Single by Nea
- Released: 6 September 2019
- Length: 2:55
- Label: Kookie Diamond; Linnea Södahl; Milkshake; Sony Music Entertainment Sweden;
- Songwriters: Bryn Christopher; Anna Södahl; Gianfranco Randone; Maurizio Lobina; Massimo Gabutti;
- Producers: Hitimpulse; Vincent Kottkamp;

Nea singles chronology
|  | "Some Say" (2019) | "Dedicated" (2020) |

Music video
- "Some Say" on YouTube

= Some Say (Nea song) =

"Some Say" is a song by Swedish singer Nea and was released as her debut single on 6 September 2019. Following the song's success in Europe in late 2019 and early 2020, the song was remixed by German DJ Felix Jaehn. The remix was released on 10 January 2020.

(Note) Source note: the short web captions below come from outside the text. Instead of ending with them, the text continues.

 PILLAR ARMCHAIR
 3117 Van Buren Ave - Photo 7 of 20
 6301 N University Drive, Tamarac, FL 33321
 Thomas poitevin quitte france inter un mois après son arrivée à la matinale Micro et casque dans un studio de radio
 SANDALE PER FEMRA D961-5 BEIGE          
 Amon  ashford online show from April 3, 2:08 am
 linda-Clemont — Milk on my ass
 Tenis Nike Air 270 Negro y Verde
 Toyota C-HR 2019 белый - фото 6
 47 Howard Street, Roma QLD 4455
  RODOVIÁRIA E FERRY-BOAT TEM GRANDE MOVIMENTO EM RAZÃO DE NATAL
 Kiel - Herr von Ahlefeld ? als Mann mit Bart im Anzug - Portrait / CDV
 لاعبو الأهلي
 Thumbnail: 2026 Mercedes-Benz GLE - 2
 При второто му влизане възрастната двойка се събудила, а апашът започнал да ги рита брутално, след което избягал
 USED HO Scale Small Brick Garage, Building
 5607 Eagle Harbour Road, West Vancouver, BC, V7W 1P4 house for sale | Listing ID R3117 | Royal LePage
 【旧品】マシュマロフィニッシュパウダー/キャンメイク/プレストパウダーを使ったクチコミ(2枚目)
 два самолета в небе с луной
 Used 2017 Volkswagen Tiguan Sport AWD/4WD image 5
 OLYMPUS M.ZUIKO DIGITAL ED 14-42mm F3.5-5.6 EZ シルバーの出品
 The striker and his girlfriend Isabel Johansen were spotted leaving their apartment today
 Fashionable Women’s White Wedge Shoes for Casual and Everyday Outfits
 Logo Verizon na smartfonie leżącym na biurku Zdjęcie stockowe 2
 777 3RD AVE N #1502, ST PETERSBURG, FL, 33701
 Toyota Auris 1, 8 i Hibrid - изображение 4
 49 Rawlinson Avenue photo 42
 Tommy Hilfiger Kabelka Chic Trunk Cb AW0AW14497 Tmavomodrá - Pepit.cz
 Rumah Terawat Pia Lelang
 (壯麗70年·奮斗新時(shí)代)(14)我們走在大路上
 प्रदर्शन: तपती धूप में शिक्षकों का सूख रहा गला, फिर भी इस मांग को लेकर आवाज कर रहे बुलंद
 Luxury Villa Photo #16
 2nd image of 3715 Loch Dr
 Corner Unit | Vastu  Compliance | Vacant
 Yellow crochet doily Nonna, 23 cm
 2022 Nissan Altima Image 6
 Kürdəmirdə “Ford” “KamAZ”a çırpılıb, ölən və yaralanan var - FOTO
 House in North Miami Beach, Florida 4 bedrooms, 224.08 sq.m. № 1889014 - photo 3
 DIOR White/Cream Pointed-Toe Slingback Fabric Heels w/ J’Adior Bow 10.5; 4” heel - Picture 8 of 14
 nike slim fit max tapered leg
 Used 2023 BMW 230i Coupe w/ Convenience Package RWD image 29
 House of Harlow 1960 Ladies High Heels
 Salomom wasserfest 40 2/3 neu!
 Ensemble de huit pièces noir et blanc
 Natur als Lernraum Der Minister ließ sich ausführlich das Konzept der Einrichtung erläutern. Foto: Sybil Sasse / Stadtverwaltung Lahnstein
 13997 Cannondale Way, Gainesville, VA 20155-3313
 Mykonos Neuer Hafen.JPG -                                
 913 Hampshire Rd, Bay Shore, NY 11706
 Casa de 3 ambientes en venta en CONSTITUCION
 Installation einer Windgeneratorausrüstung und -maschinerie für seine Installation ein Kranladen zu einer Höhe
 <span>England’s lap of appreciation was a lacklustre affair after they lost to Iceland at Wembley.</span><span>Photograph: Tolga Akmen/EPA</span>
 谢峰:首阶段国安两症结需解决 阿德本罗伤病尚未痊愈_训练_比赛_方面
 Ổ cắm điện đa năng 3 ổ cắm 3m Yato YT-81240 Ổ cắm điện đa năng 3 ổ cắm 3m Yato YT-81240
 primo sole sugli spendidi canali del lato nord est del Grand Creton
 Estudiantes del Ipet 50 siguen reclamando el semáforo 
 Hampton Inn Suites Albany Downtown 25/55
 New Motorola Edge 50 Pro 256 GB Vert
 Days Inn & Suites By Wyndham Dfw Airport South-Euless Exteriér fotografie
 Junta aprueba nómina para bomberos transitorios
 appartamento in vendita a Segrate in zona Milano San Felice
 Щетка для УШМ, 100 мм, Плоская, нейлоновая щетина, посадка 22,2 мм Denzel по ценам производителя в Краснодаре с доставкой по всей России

The song has since reached number one in Belgium (Wallonia), Slovakia and Poland, the top ten in Austria, Denmark, Hungary, the Netherlands, Norway, Romania and Switzerland, as well as the top 20 in Australia, Belgium (Flanders), France, Germany and Sweden. The song interpolates Eiffel 65's 1998 song, "Blue (Da Ba Dee)".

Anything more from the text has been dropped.